• [REQUIREMENT]: Below are lines of data; restate word for word those running from the line containing "Usado Toyota Land" to the line containing "508 High Street, Unit", inclusive, and no others.

• [RECORDS FOR THE EXERCISE]:
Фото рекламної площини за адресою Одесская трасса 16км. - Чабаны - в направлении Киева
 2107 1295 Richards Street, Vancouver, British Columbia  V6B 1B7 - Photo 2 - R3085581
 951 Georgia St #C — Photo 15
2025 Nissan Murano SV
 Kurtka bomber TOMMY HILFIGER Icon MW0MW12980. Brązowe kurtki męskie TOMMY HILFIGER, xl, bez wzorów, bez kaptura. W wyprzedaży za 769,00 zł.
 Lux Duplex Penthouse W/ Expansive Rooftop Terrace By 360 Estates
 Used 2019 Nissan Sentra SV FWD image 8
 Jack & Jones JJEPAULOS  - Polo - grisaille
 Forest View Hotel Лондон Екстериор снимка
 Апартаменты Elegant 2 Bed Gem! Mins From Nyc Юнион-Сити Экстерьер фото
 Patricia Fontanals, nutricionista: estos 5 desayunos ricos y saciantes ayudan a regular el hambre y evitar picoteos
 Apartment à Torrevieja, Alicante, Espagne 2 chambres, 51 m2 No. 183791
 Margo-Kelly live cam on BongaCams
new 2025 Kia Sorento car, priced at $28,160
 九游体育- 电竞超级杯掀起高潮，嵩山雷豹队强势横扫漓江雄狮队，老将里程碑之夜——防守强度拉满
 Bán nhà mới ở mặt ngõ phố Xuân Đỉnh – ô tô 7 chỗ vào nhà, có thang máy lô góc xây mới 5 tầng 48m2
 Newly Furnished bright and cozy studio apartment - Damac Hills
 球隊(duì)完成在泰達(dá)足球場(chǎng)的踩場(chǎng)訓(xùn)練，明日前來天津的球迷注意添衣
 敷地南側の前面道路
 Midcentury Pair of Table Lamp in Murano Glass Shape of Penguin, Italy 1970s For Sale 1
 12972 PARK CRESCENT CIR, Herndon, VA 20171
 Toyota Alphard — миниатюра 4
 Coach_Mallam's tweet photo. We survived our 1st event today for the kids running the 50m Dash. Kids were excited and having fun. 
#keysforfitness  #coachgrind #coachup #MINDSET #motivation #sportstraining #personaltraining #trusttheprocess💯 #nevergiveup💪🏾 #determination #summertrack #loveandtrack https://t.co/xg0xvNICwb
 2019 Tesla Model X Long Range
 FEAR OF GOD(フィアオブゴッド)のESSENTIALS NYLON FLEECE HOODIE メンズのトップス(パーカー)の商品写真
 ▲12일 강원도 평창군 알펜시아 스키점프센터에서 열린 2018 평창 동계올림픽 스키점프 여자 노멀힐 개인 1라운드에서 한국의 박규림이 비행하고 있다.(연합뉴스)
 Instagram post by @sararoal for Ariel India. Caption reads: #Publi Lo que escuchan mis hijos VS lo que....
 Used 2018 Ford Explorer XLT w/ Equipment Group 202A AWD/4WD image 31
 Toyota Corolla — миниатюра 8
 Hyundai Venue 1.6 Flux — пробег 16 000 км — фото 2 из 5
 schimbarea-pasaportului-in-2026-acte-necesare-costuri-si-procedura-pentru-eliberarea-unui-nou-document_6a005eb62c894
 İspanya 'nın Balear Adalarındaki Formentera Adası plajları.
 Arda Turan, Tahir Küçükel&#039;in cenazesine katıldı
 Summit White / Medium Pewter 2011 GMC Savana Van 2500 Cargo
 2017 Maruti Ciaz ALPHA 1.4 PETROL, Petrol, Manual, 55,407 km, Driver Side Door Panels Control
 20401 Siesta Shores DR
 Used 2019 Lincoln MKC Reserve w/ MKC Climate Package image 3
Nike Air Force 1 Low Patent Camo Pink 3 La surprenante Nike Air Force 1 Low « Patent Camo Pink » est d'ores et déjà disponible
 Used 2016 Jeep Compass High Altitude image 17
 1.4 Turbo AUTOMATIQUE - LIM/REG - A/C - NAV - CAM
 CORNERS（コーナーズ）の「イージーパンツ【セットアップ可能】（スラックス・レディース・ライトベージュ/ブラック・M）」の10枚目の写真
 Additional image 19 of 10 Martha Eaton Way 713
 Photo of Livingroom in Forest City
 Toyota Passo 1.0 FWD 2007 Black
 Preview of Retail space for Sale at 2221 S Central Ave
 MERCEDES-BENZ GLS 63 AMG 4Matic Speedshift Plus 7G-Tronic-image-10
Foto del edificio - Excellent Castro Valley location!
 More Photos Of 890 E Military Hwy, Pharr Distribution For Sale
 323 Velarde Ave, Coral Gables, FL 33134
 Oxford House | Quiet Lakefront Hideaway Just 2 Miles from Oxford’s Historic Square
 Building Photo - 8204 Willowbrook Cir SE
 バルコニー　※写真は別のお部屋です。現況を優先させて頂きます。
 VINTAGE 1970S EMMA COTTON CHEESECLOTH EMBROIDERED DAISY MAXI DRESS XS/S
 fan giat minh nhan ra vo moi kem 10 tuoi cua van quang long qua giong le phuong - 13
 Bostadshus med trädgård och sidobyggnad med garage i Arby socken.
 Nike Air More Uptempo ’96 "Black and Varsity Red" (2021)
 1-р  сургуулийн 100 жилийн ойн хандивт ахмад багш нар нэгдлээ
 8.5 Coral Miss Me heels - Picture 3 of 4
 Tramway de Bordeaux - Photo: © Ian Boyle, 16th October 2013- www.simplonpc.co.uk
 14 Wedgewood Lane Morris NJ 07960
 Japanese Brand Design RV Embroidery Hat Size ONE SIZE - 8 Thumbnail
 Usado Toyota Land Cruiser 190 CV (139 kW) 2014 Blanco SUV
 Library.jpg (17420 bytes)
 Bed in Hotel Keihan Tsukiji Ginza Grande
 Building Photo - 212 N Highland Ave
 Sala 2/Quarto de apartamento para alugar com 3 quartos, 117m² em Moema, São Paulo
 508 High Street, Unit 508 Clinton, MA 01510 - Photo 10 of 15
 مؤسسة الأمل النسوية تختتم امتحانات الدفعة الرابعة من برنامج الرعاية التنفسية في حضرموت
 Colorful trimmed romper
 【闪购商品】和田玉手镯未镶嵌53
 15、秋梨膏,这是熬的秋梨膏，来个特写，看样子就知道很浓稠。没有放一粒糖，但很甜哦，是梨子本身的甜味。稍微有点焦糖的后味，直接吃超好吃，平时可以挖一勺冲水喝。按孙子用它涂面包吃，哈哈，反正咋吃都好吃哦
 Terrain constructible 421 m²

• [ANSWER TO THE PROBLEM]:
 Usado Toyota Land Cruiser 190 CV (139 kW) 2014 Blanco SUV
 Library.jpg (17420 bytes)
 Bed in Hotel Keihan Tsukiji Ginza Grande
 Building Photo - 212 N Highland Ave
 Sala 2/Quarto de apartamento para alugar com 3 quartos, 117m² em Moema, São Paulo
 508 High Street, Unit 508 Clinton, MA 01510 - Photo 10 of 15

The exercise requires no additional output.